══ Data for this exercise ══

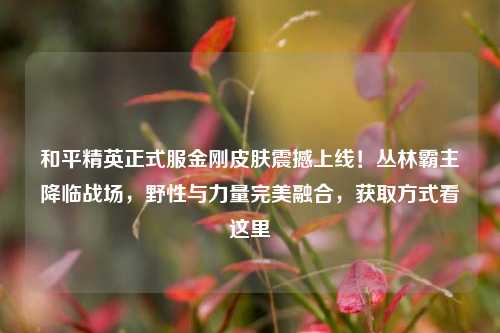 和平精英正式服金刚皮肤震撼上线！丛林霸主降临战场，野性与力量完美融合，获取方式看这里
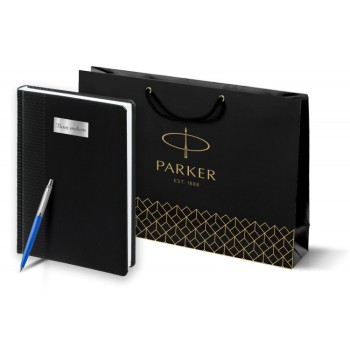 Подарочный набор: Шариковая ручка Parker Jotter ORIGINALS BLUE CT, стержень: Mblue  и Ежедневник недатированный черный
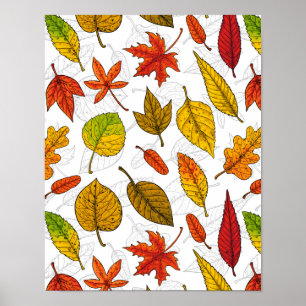 Autumn leaves on white poster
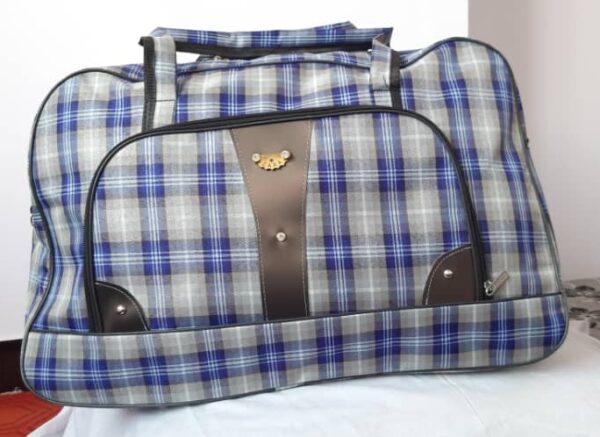 Classic Checkered Travel Duffel – Blue & Gray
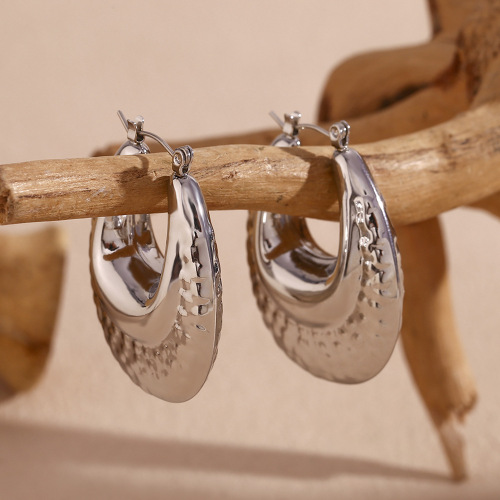 ETSMJ436 18K Gold Plated Hollow Double Layer Hammered Teardrop U-Shaped Earrings Women's Fashion Jewelry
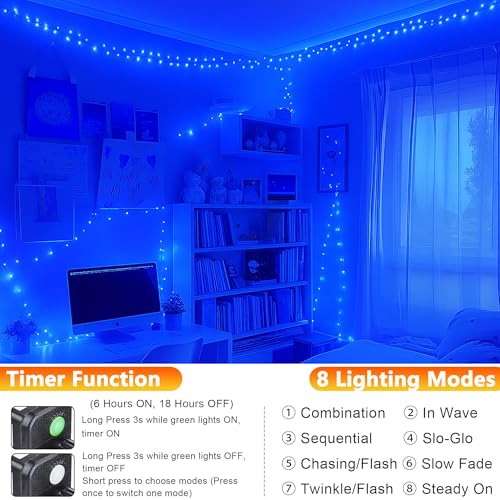 Joomer Fairy String Lights 33FT 100LED Plug in Fairy Lights Indoor, Blue | Silver Wire, String Light DIY for Bedroom, Parties, Wedding, Christmas, Outdoor, Indoor Decoration (Non-Connectable) - color: Blue, size: 100led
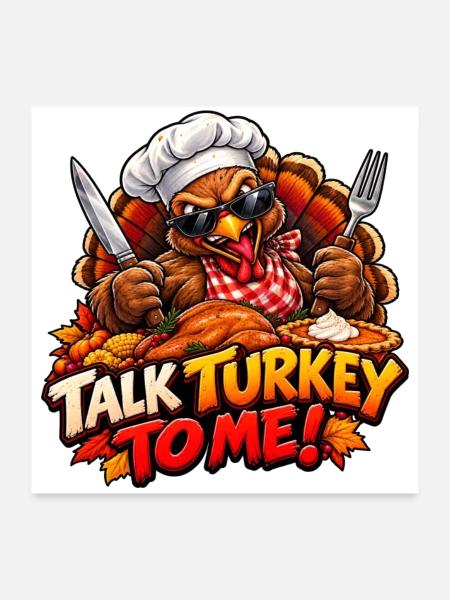 Wütender Truthahn – Der König des Thanksgiving - Poster 60x60 cm - Weiß - Vorne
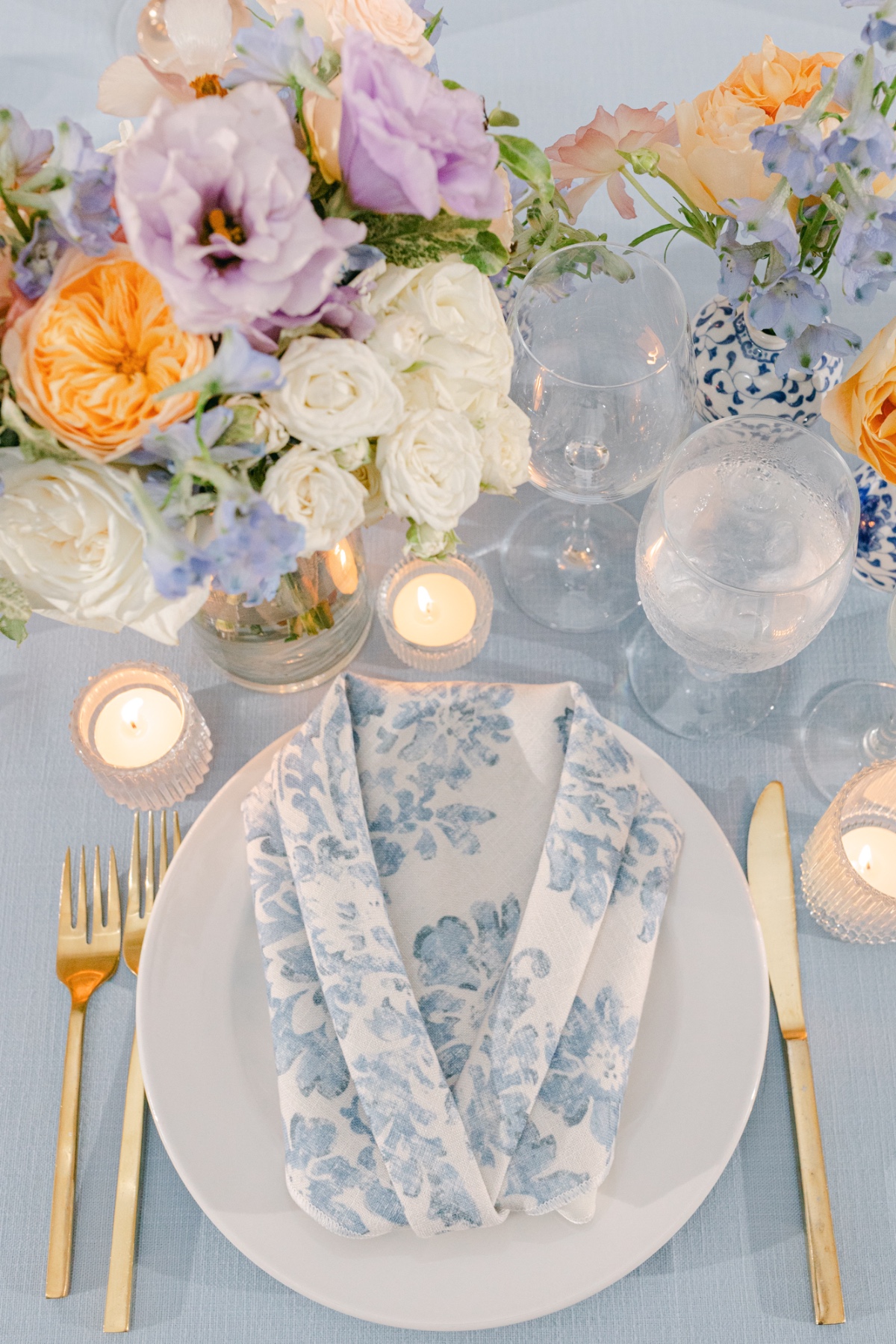 blue peach and lavender wedding colors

═══

What the task asks
Wherever the listing shows a picture, omit it and output the rest exactly as given.

Written answer
 和平精英正式服金刚皮肤震撼上线！丛林霸主降临战场，野性与力量完美融合，获取方式看这里
 Подарочный набор: Шариковая ручка Parker Jotter ORIGINALS BLUE CT, стержень: Mblue  и Ежедневник недатированный черный
 Autumn leaves on white poster
 Classic Checkered Travel Duffel – Blue & Gray
 ETSMJ436 18K Gold Plated Hollow Double Layer Hammered Teardrop U-Shaped Earrings Women's Fashion Jewelry
 Joomer Fairy String Lights 33FT 100LED Plug in Fairy Lights Indoor, Blue | Silver Wire, String Light DIY for Bedroom, Parties, Wedding, Christmas, Outdoor, Indoor Decoration (Non-Connectable) - color: Blue, size: 100led
 Wütender Truthahn – Der König des Thanksgiving - Poster 60x60 cm - Weiß - Vorne
 blue peach and lavender wedding colors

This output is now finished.